ACTIVITY: Reproduce exactly the entries from the "Домик A-frame с купелью-фурако до 4 гостей" line to the end. Skip all pictures.

● ● ●

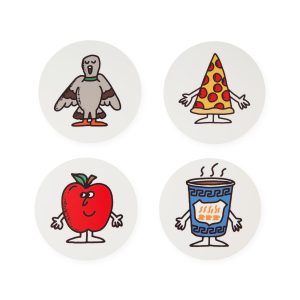 Only NY for MoMA Community of New York Coasters - Set of 4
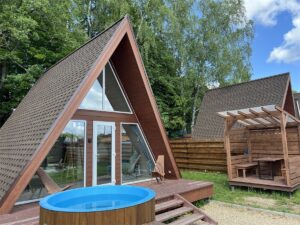 Домик A-frame с купелью-фурако до 4 гостей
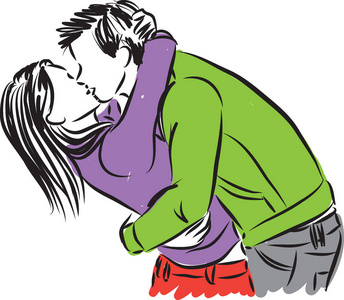 接吻的图片图片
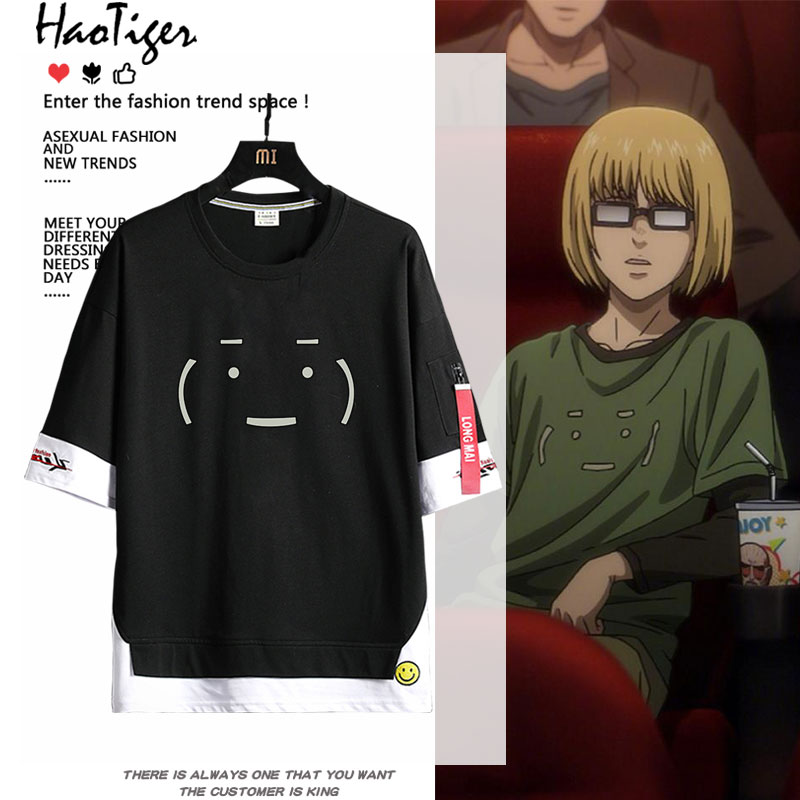 进击的巨人完结篇美高三人组短袖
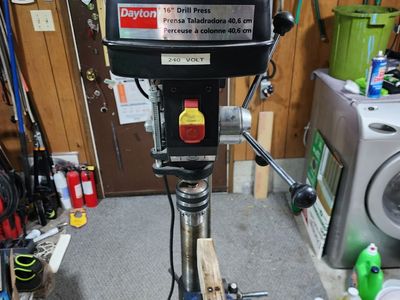 16 inch Dayton floor drill press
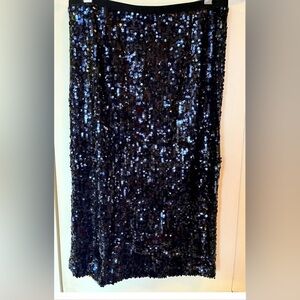 Zara pencil sequin skirt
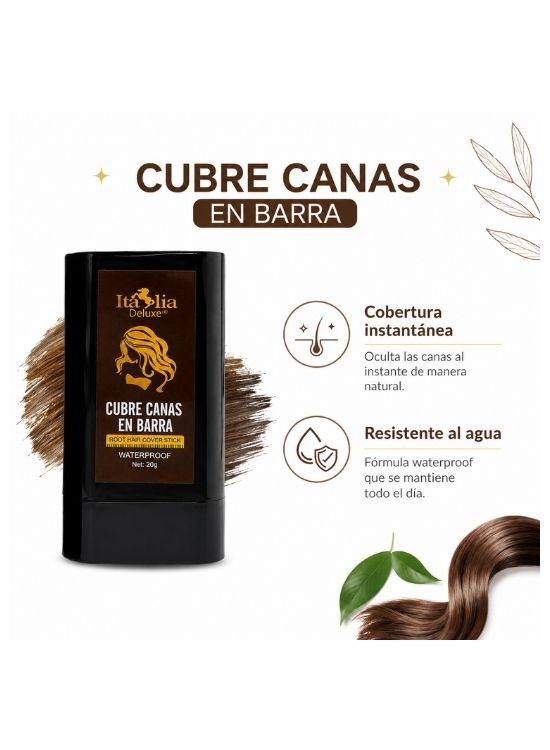 CUBRE CANAS EN BARRA TONO MARRÓN - ITALIA DELUXE - 2
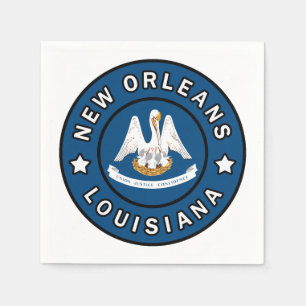 New Orleans Louisiana Napkin
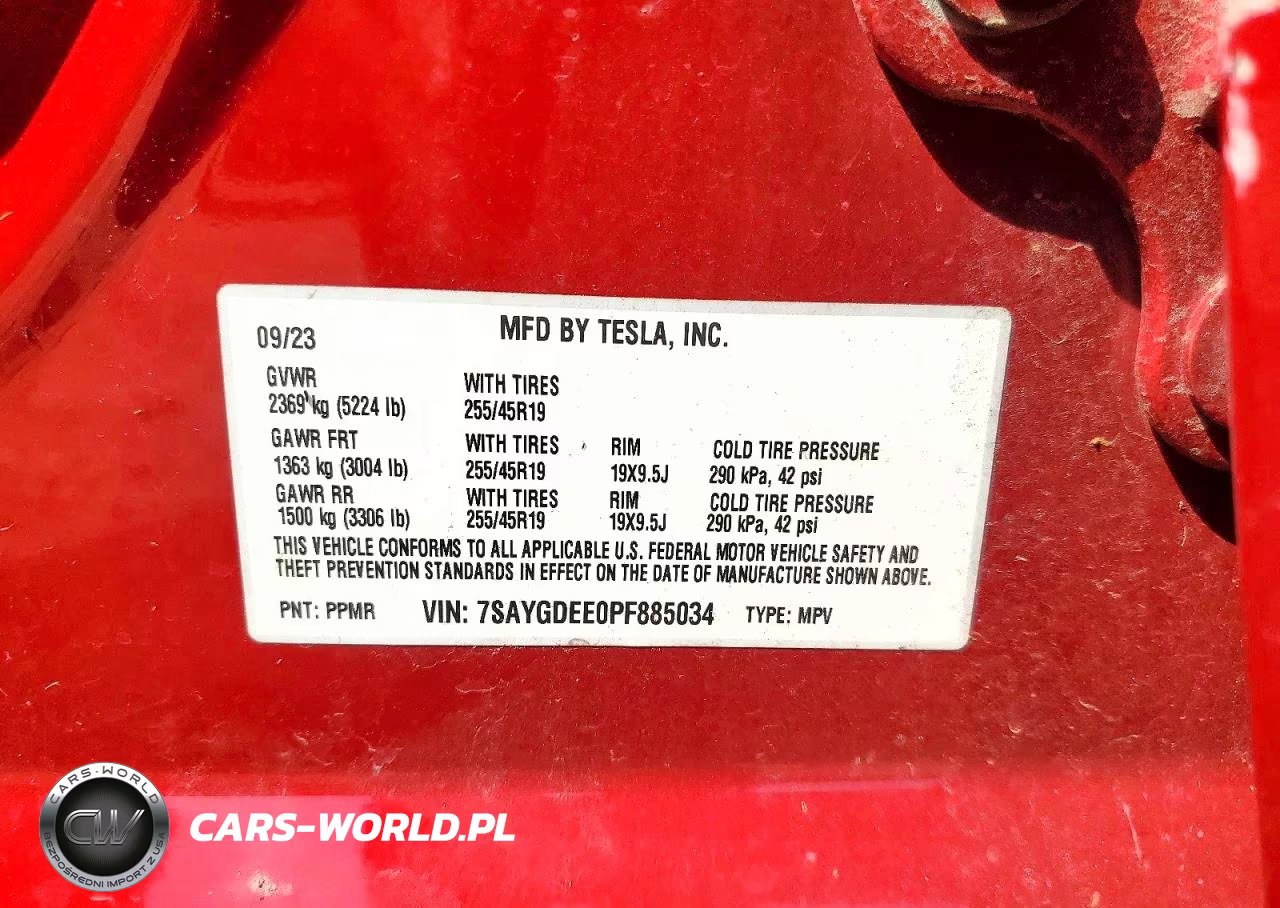 2023 Tesla Model Y VIN:7SAYGDEE0PF885034 - 12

● ● ●

RESPONSE BOX:
 Домик A-frame с купелью-фурако до 4 гостей
 接吻的图片图片
 进击的巨人完结篇美高三人组短袖
 16 inch Dayton floor drill press
 Zara pencil sequin skirt
 CUBRE CANAS EN BARRA TONO MARRÓN - ITALIA DELUXE - 2
 New Orleans Louisiana Napkin
 2023 Tesla Model Y VIN:7SAYGDEE0PF885034 - 12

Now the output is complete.